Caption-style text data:
*-*-*

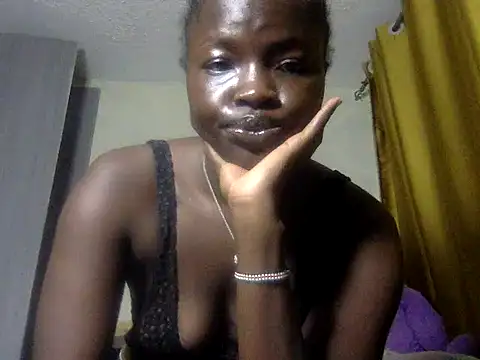 Mon cherrie  online show from March 16, 1:41 am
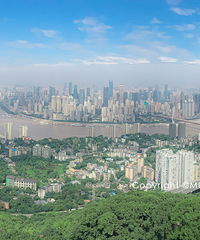 ҪƱϾֱǸصأҰҪ̫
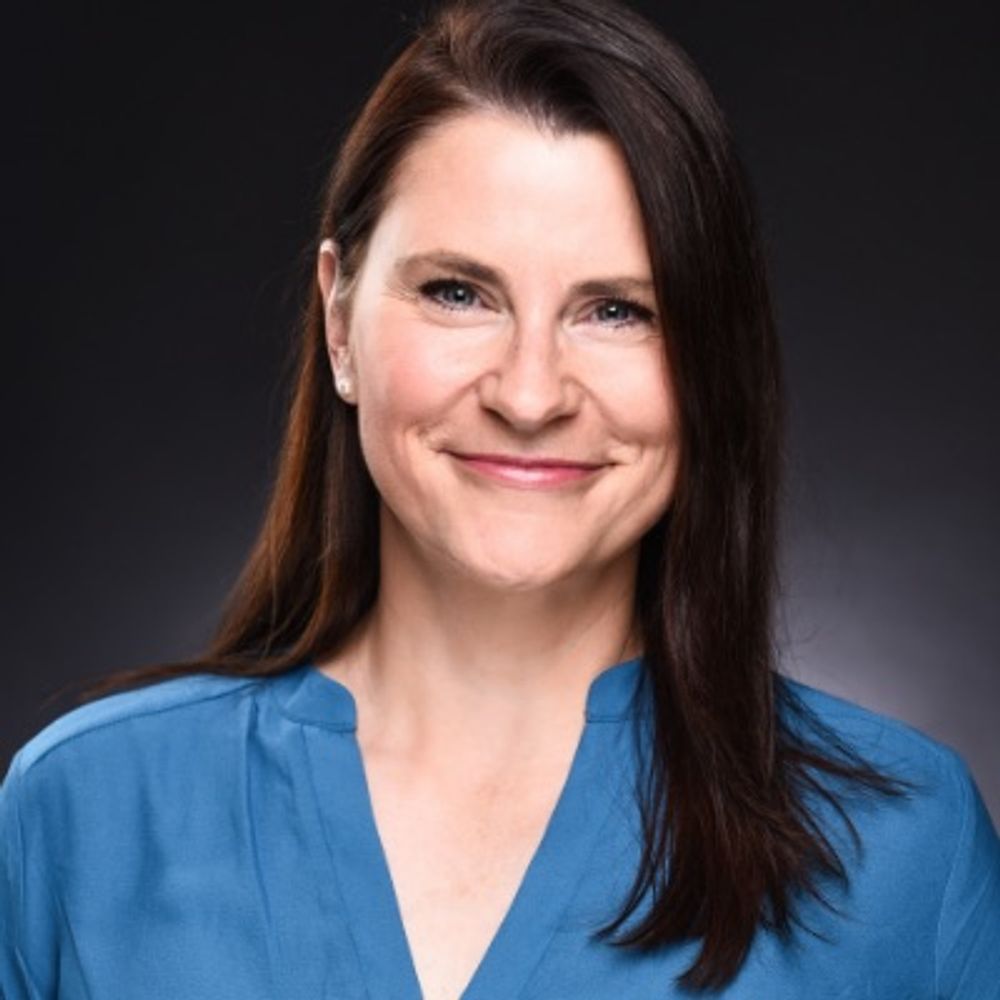 Frauke Hachtmann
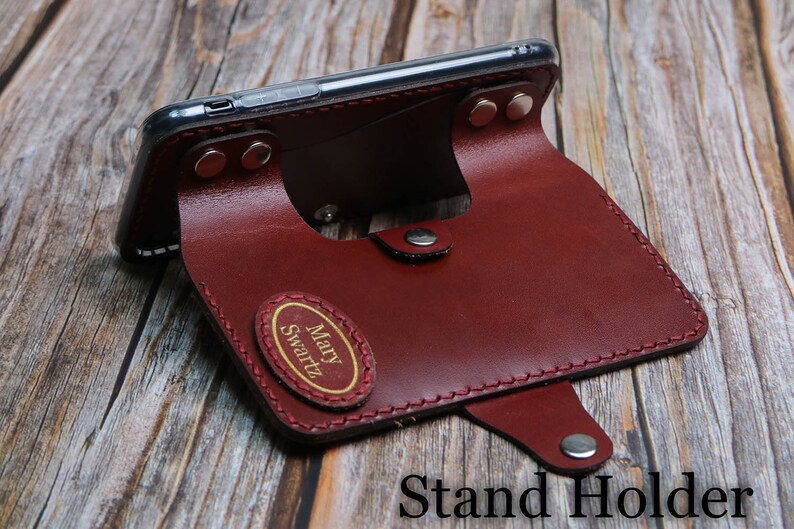 iPhone 11Pro max IPhone XXrXs MaxSE Leather case Leather case Man or Women handmade Customized Handstitched name tags,iphone 12 mini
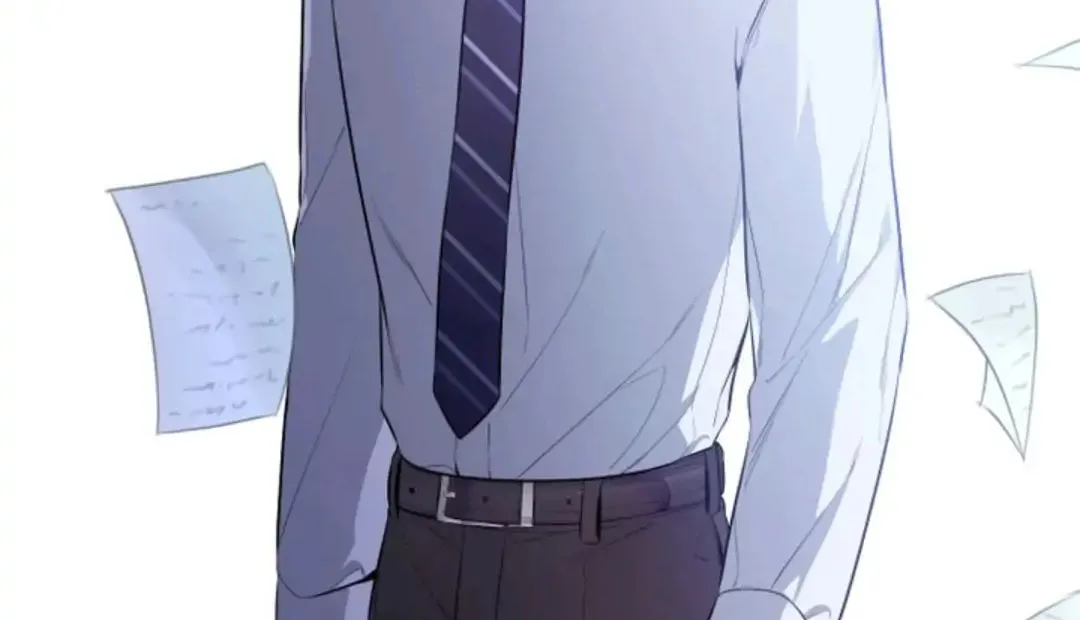 Read No Moral chapter 13 image 57 on Lezhin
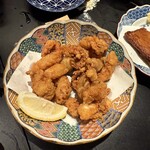 Luv.Fish? - 
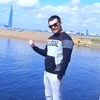 Жохонгир, 26, г.Гулистан Жохонгир, 26, г.Гулистан
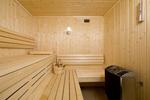 Paxton Resort & Spa - Image 7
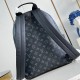 LOUIS VUITTON DISCOVERY BACKPACK LOUIS VUITTON DISCOVERY BACKPACK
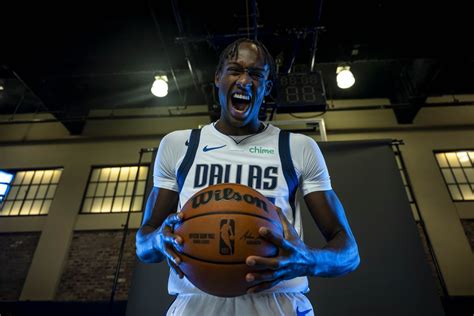 The 3 biggest factors for a successful season for the Dallas Mavericks ...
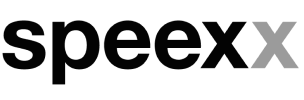 Speexx logo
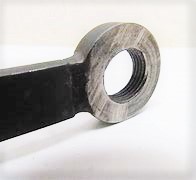 MILWAUKEE POWER TOOLS 49-96-0010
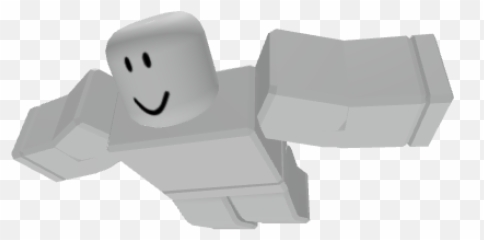 Vampire Swim - Rbxleaks Fictional Character Emoji,Smeling Armpit Emoticon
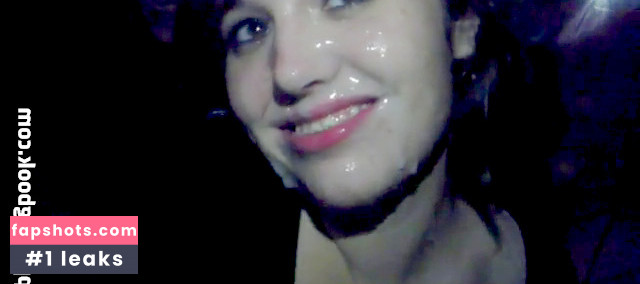 Jennifer Jane Nude Leaks OnlyFans Photos #15 - LeakJerk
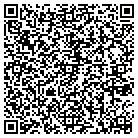 QR code with Valley Business Forms contacts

*-*-*

> **TASK DESCRIPTION**: Once the line with "Read No Moral chapter 13 image 57 on Lezhin" has been found above, output that line and every later line exactly, stopping after the line with "Vampire Swim - Rbxleaks", and omit the pictures.

> **RESULT**:
 Read No Moral chapter 13 image 57 on Lezhin
 Luv.Fish? - 
 Жохонгир, 26, г.Гулистан Жохонгир, 26, г.Гулистан
 Paxton Resort & Spa - Image 7
 LOUIS VUITTON DISCOVERY BACKPACK LOUIS VUITTON DISCOVERY BACKPACK
 The 3 biggest factors for a successful season for the Dallas Mavericks ...
 Speexx logo
 MILWAUKEE POWER TOOLS 49-96-0010
 Vampire Swim - Rbxleaks Fictional Character Emoji,Smeling Armpit Emoticon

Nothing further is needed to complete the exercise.